[Supplied material Boundary: Start]

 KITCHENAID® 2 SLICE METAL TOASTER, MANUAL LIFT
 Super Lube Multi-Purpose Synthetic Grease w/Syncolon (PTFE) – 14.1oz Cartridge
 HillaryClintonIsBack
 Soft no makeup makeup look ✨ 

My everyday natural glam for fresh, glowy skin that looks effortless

[Supplied material Boundary: End]
[Supplied material Boundary: Start]

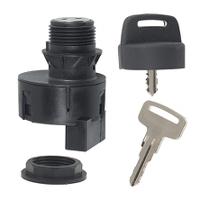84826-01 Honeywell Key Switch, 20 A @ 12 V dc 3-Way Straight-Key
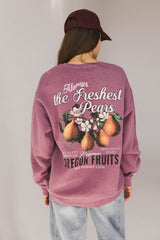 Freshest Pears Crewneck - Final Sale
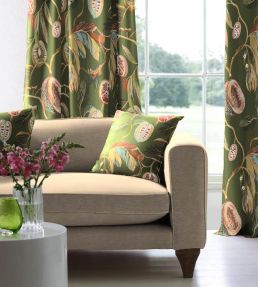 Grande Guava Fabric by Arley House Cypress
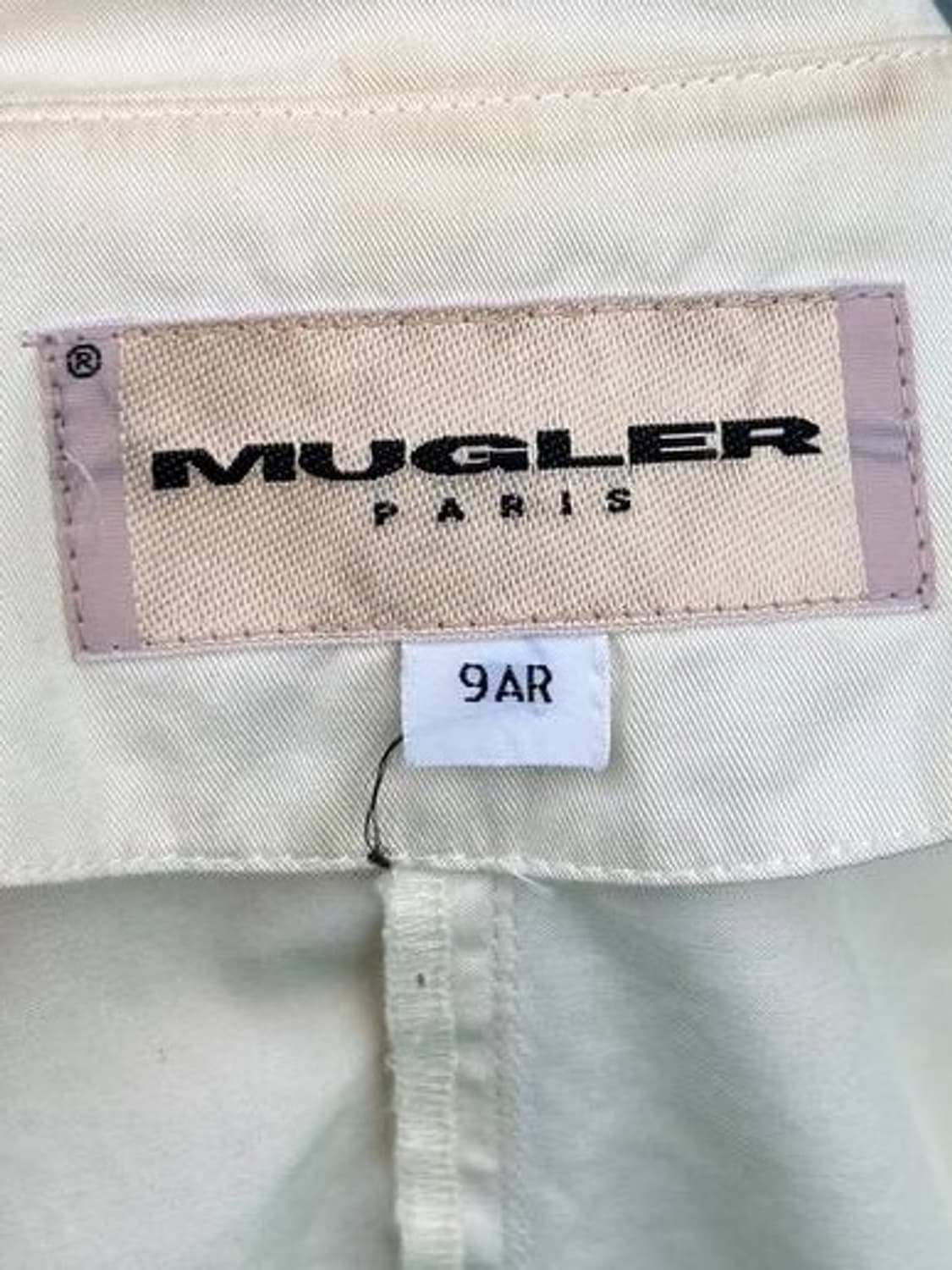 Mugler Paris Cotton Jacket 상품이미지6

[Supplied material Boundary: End]
[Supplied material Boundary: Start]

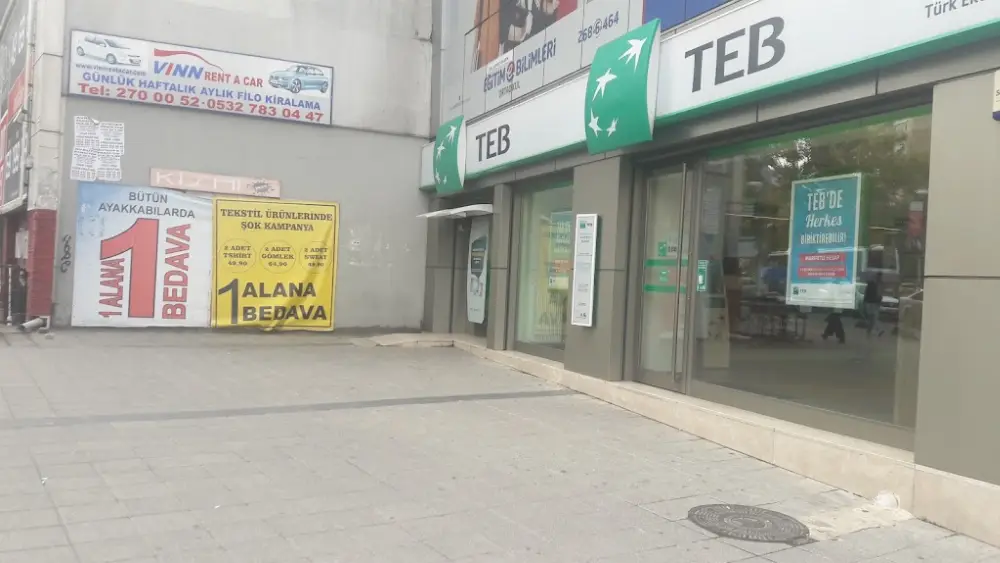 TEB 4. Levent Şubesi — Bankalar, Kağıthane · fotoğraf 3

[Supplied material Boundary: End]

> [What the exercise asks]
Copy exactly the material above from the line with "Grande Guava Fabric by Arley House Cypress" to the line with "Mugler Paris Cotton Jacket 상품이미지6", ends included, and nothing else. Leave out any picture.

> [Written answer]
 Grande Guava Fabric by Arley House Cypress
 Mugler Paris Cotton Jacket 상품이미지6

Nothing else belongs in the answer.